“A Way of Life Being Lost.” Ruth Conniff visits Henry County, KY to talk with Wendell Berry and Mary Berry about rural America, the work of the Berry Center, and models for healthy farm economies.
“Seed Oils and Bad Science.” Carmel Richardson narrates the history of producing, marketing, and regulating seed oils: “The efficiency gamble in food production was a deal with the devil, and heaven only knows what that means for getting out of it.”
“I’m a Journalist Who Stopped Reading the News. Is the Problem Me—Or Our Product?” Amanda Ripley figures if 4 out of 10 Americans are avoiding the news, maybe that’s a sign something is wrong with the way our news ecosystem is functioning: “Why are people avoiding the news? It’s repetitive and dispiriting, often of dubious credibility, and it leaves people feeling powerless, according to the survey. The evidence supports their decision to pull back. It turns out that the more news we consume about mass-casualty events, such as shootings, the more we suffer. The more political news we ingest, the more mistakes we make about who we are. If the goal of journalism is to inform people, where is the evidence it is working?” (Recommended by Niaz Khadem.)
“Christianity and Poetry.” Dana Gioia has a brilliant and substantive new essay out on the role of poetry within the Christian tradition:
Poetry is not merely important to Christianity. It is an essential, inextricable, and necessary aspect of religious faith and practice. The fact that most Christians would consider that assertion absurd does not invalidate it. Their disagreement only demonstrates how remote the contemporary Church has become from its own origins. It also suggests that sacred poetry is so interwoven into the fabric of Scripture and worship as to become invisible. At the risk of offending most believers, it is necessary to state a simple but unacknowledged truth: It is impossible to understand the full glory of Christianity without understanding its poetry.
“Secularization Theses.” Paul Dicken reviews The Shadow of God: Kant, Hegel, and the Passage from Heaven to History, by Michael Rosen, and largely concurs with Rosen’s intellectual history: “The Enlightenment was about the rational explication of religion, not its rejection. Yet at the same time, it was precisely this Miltonian effort to justify the ways of God to man that put the process of secularization into motion.” (Recommended by Rob Grano.)

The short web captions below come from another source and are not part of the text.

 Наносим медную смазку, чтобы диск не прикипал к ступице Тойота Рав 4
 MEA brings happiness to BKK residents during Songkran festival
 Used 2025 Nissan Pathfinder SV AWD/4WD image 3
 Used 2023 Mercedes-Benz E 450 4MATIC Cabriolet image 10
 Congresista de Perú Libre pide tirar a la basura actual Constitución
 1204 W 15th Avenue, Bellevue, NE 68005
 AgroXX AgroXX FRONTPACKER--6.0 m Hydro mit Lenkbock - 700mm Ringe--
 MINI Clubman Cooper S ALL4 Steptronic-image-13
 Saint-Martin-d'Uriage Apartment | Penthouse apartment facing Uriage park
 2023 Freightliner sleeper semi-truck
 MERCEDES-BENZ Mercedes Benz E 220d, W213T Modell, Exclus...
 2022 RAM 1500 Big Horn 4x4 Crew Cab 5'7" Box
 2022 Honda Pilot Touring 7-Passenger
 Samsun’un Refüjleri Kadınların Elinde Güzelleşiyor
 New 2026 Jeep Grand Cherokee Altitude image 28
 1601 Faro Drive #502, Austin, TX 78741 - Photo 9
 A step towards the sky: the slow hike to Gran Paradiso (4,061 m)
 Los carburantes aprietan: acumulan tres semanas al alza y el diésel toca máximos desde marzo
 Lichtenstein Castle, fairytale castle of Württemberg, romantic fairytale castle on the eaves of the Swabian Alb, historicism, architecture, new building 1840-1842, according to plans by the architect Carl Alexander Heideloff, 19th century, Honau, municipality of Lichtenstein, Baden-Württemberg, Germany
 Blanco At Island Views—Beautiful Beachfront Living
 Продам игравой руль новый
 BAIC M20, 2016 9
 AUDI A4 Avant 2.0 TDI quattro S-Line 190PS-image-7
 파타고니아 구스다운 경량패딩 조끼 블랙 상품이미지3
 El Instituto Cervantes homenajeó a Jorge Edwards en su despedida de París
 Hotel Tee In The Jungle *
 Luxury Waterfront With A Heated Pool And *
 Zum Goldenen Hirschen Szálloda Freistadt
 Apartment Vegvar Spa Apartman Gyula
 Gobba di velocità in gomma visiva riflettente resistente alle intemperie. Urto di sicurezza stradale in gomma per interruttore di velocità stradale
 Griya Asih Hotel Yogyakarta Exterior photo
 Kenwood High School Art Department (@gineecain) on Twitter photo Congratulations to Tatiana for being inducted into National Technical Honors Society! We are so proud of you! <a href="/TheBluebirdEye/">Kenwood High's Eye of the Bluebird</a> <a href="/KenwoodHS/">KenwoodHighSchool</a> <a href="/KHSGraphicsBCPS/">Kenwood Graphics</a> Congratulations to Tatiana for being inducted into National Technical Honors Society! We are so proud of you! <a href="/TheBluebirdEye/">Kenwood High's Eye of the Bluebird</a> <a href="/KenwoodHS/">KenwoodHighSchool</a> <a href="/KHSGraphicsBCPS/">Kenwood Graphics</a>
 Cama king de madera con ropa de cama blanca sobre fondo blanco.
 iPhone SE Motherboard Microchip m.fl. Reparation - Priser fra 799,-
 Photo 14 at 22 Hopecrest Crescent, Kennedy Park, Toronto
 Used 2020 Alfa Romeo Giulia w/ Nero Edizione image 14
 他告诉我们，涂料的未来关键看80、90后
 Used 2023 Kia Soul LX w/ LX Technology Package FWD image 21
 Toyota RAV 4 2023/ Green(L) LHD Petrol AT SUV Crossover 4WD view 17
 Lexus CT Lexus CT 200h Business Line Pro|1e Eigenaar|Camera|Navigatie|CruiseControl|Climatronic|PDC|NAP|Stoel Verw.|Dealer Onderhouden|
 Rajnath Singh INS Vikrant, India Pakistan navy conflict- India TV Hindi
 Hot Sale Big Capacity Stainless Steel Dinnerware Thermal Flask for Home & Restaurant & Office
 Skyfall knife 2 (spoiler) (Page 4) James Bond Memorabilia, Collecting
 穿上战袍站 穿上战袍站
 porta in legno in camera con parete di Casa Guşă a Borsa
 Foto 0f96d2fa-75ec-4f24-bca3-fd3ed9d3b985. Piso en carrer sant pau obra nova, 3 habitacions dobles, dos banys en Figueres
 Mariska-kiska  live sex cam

“Moving Again? Residential Disruption and Challenges to Adolescent Well-Being.” Jane C. Christensen and Mark H. Butler try to quantify some of the costs that young people bear when they are uprooted, particularly if they have to move repeatedly.
“The Ants and the Grasshopper.” Brian Miller notices what many of us have in the past few years: more and more disruptions to the supply chain. What might we do in response? “There is plenty we can do to provide a little more resilience in our lives, and it’s along the lines of ‘prepare for changes and expect less.’”
“The Anti-Woke Girondist’s Lament.” Patrick Deneen reviews a new book by Douglass Murray and is decidedly unimpressed. In critiquing Murray’s book, he argues that “Murray and Kendi are burning two sides of the same candle, propping up a revolutionary regime by ensuring that everyone remains obsessed by the latest identity outrage.”
“The Pure Joy of Baseball for These Children With Disabilities.” Clare Ansberry describes a network of baseball leagues that enable people with disabilities to enjoy the opportunity to play ball: “They love playing baseball. Their families love watching them. For many of the players, this is the only team sport they can play.”
“The Value of Uselessness.” In her case for cultivating “play” amid a restless culture, Elizabeth Corey consults Michael Oakeshott, Josef Pieper, and others: “Intrinsic value is the essence of play, and perhaps it even offers intimations of immortality. Though we can never escape the constraints of time, we can sometimes act as if time doesn’t rule our lives. Play affords us this interim.” (Recommended by Sarah Soltis.)
“A Time Of Sonorous Prose.” Bradford Tuckfield contrasts Ruskin’s understanding of a transcendentally ordered and enchanted world with Kafka’s absurd and disenchanted world—and considers how such disparities correlate with stylistic and qualitative decay in art and literature. (Recommended by Sarah Soltis.)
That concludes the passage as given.